• **What to work on**
Give the listing again word for word. Skip the pictures.

• **Source data**
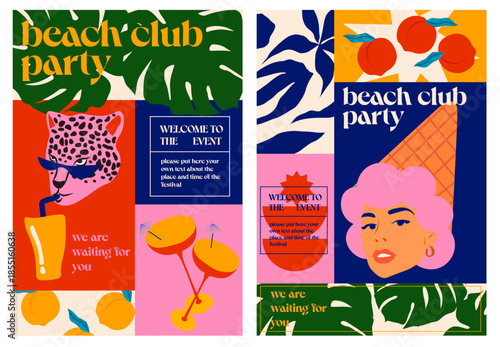 Abstract posters beach club party and music festivals. Vector modern backgrounds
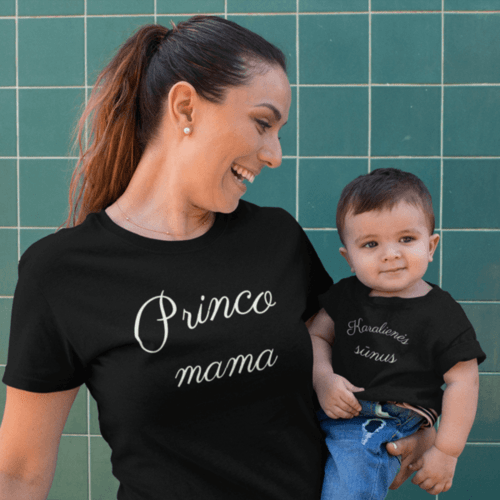Marškinėlių komplektas mamai ir vaikui " Karalienės sūnus ir Princo mama " juodi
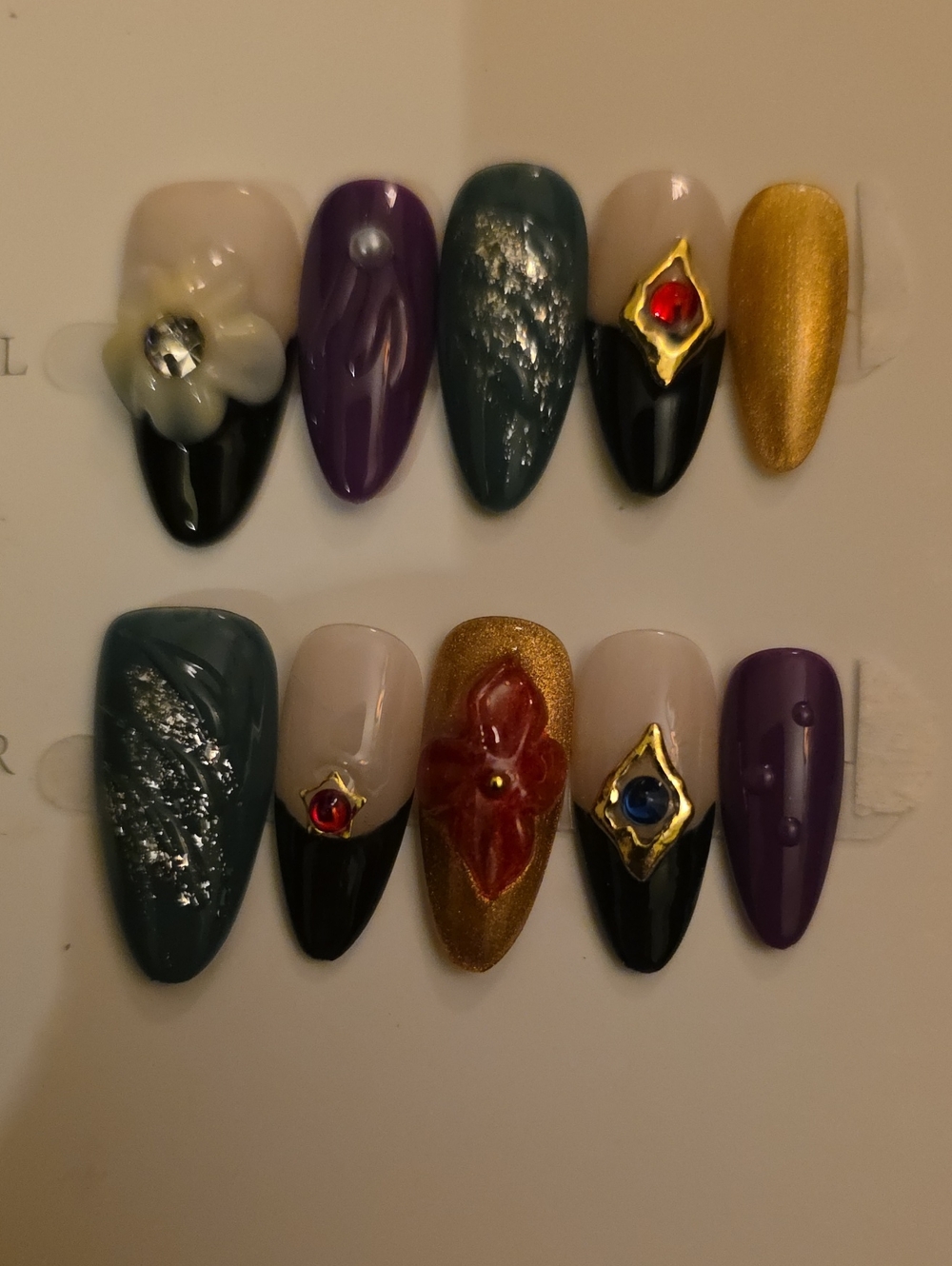Floral & Jewel Accent Press-On Nails - Purple, Teal, Gold, Black Size Med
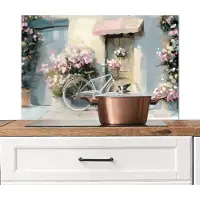 KitchenYeah Spatscherm keuken 80x55 cm - Kookplaat achterwand Fiets - Pastelkleuren - Bloemen - Muurbeschermer - Spatwand fornuis - Hoogwaardig aluminium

• **Result for this task**
 Abstract posters beach club party and music festivals. Vector modern backgrounds
Marškinėlių komplektas mamai ir vaikui " Karalienės sūnus ir Princo mama " juodi
Floral & Jewel Accent Press-On Nails - Purple, Teal, Gold, Black Size Med
 KitchenYeah Spatscherm keuken 80x55 cm - Kookplaat achterwand Fiets - Pastelkleuren - Bloemen - Muurbeschermer - Spatwand fornuis - Hoogwaardig aluminium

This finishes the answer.